Comment 7 Jijun Wang 2022-01-06 13:30:33 UTC
Thanks. There are 2 issues.
The first one is on finding irdma dev name. Honggang's patch shall fix it.
The send one is on finding slot number. It was fixed in our 11.2 version. Please change the following line in ethfindgood

slot=\$(ls -l /sys/class/net | grep \$port | awk '{print \$11}' | cut -d '/' -f 6)

to

slot=\$(ls -l /sys/class/net | grep \"\$port \" | awk '{print \$11}' | cut -d '/' -f 6)

Comment 8 zguo 2022-01-07 03:31:44 UTC
(In reply to Jijun Wang from comment #7)
> Thanks. There are 2 issues.
> The first one is on finding irdma dev name. Honggang's patch shall fix it.
> The send one is on finding slot number.
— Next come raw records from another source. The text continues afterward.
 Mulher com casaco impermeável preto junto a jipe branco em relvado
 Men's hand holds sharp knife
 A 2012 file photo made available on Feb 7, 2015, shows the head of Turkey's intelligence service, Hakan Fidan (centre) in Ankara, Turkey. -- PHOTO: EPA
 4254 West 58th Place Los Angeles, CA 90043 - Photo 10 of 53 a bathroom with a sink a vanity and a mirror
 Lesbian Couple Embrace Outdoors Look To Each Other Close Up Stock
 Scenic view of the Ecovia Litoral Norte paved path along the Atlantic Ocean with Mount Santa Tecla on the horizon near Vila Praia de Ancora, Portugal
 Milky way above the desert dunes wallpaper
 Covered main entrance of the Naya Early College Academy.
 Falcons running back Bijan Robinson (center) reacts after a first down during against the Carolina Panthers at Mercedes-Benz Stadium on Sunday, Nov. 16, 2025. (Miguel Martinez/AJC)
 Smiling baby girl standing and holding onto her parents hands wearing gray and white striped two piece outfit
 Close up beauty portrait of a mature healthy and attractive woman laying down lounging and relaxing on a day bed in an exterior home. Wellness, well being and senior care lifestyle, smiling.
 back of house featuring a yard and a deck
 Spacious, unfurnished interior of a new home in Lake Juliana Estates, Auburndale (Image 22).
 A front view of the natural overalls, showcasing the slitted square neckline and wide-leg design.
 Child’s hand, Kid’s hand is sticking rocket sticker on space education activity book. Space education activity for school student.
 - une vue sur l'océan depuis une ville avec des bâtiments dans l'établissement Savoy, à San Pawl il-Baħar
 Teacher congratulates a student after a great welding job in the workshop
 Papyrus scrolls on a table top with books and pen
It was fixed in our 11.2 version.
> Please change the following line in ethfindgood
> 
> slot=\$(ls -l /sys/class/net | grep \$port | awk '{print \$11}' | cut -d '/'
> -f 6)
> 
> to
> 
> slot=\$(ls -l /sys/class/net | grep \"\$port \" | awk '{print \$11}' | cut
> -d '/' -f 6)

It looks good now.

[root@rdma-dev-31 ~]$ ethfindgood 
Warning: backed up existing /etc/eth-tools/{alive,good,bad} as *.bak files.
2 hosts will be checked
2 hosts are pingable (alive)
2 hosts are ssh'able (running)
2 total hosts have RDMA active ports on one or more fabrics (active)
2 hosts are alive, running, active (good)
0 hosts are bad (bad)
Bad hosts have been added to /root/punchlist.csv

Comment 9 Jijun Wang 2022-01-07 14:57:07 UTC
Thanks. I will update eth-tools-fastfabric

Comment 10 Jijun Wang 2022-01-07 16:24:35 UTC
Updated eth-tools to 11.1.0.1-6
Here is the f36 build https://koji.fedoraproject.org/koji/taskinfo?taskID=80960413

Comment 11 Honggang LI 2022-01-08 02:45:41 UTC
(In reply to Jijun Wang from comment #10)
> Updated eth-tools to 11.1.0.1-6
> Here is the f36 build
> https://koji.fedoraproject.org/koji/taskinfo?taskID=80960413

I built it for rhel-9.0.0, but it still needs improvement.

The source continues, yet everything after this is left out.